-- Study material follows --

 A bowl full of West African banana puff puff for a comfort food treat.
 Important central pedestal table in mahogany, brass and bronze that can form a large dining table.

-- Study material concluded --
-- Study material follows --

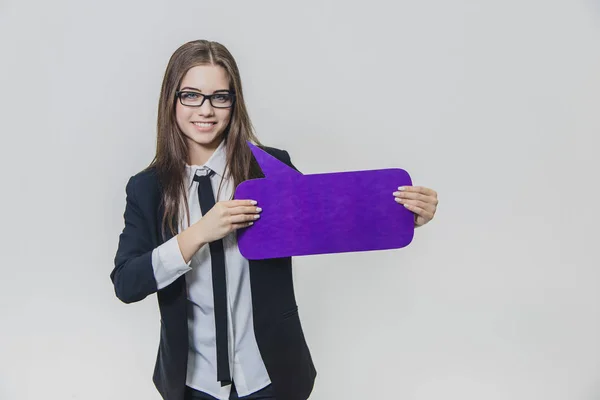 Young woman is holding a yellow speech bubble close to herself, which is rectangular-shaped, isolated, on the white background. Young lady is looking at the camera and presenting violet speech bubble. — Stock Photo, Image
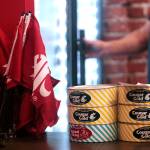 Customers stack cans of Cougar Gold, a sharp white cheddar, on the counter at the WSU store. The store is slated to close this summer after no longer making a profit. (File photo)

-- Study material concluded --

#### Activity:
Retype only the lines above from the one with "Young woman is" through the one with "Customers stack cans", exactly and with both ends. Images stay out.

#### Response to this task:
 Young woman is holding a yellow speech bubble close to herself, which is rectangular-shaped, isolated, on the white background. Young lady is looking at the camera and presenting violet speech bubble. — Stock Photo, Image
 Customers stack cans of Cougar Gold, a sharp white cheddar, on the counter at the WSU store. The store is slated to close this summer after no longer making a profit. (File photo)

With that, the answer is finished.